Bien sûr, les drames humains et la part de responsabilité de nos pays dans ces flux peuvent pousser à une forme d’acceptation de ces immigrés illégaux, par un souci pas illégitime d’humanisme. Mais cette solution n’en est pas une. Parce que la porte est aujourd’hui en bonne partie ouverte, beaucoup viennent. Il n’est pas difficile de comprendre qu’en l’ouvrant davantage, plus encore viendront, et donc davantage mourront sur le chemin. Paradoxalement, c’est une forme de générosité (qui a ses limites, comme l’explique Michéa) qui a une part de responsabilité directe avec le nombre de morts. Cela est sans doute dur à entendre, mais si les migrants savent qu’ils ne pourront pas rester et qu’il y aura de nombreux contrôles, des frontières difficiles à franchir, alors moins tenteront leur chance, et moins mourront.
En outre, il est légitime que les peuples européens questionnent cette générosité vis-à-vis d’étrangers entrés illégalement chez eux, alors que depuis des années, ils subissent le contrecoup des politiques d’austérité et de compétitivité.

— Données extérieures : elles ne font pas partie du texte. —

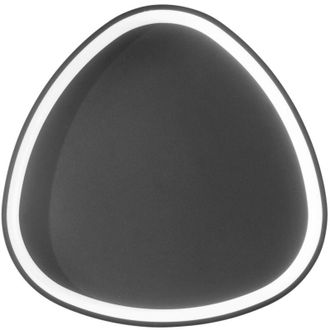 Luce-Ambiente-Design Plafoniera LED KLAPTON in alluminio nero con funzione CCT 65 cm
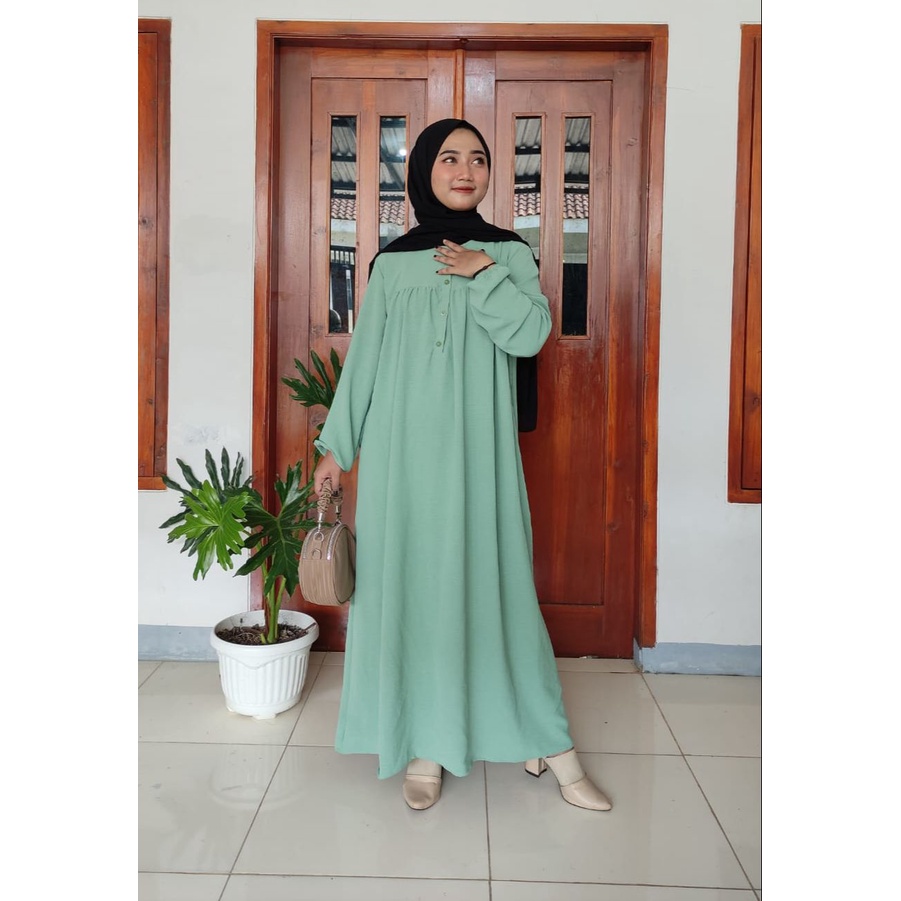 Gamis Crinkle Airflow Premium Gamis Dress Busui Friendly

Et il est aberrant d’accueillir des immigrés avec un tel taux de chômage et une telle tension identitaire, qui compliquent leur intégration, faisant de leur arrivée un terreau à crises de tous ordres, comme on le voit un peu partout. Et d’abord, il faudrait se soucier un peu plus des malheureux de notre pays : les chômeurs gagneraient plus à du protectionnisme qui protégerait nos emplois qu’à des contrôles dont il n’est pas difficile de deviner qu’ils visent surtout à améliorer les statistiques artificiellement. Enfin, la générosité à géométrie variable est un puissant acide pour notre vie commune.
Bien sûr, cela ne règle pas le problème du sort des populations des pays émergents. D’abord, il convient de les laisser se protéger des excès des marchés, comme l’ont fait les pays qui se sont développés, notamment en Asie. Et pourquoi pas un nouveau plan Marshall, comme nous aurions du le faire il y a 25 ans avec les pays d’Europe de l’Est au lieu de leur proposer une purge néolibérale violente.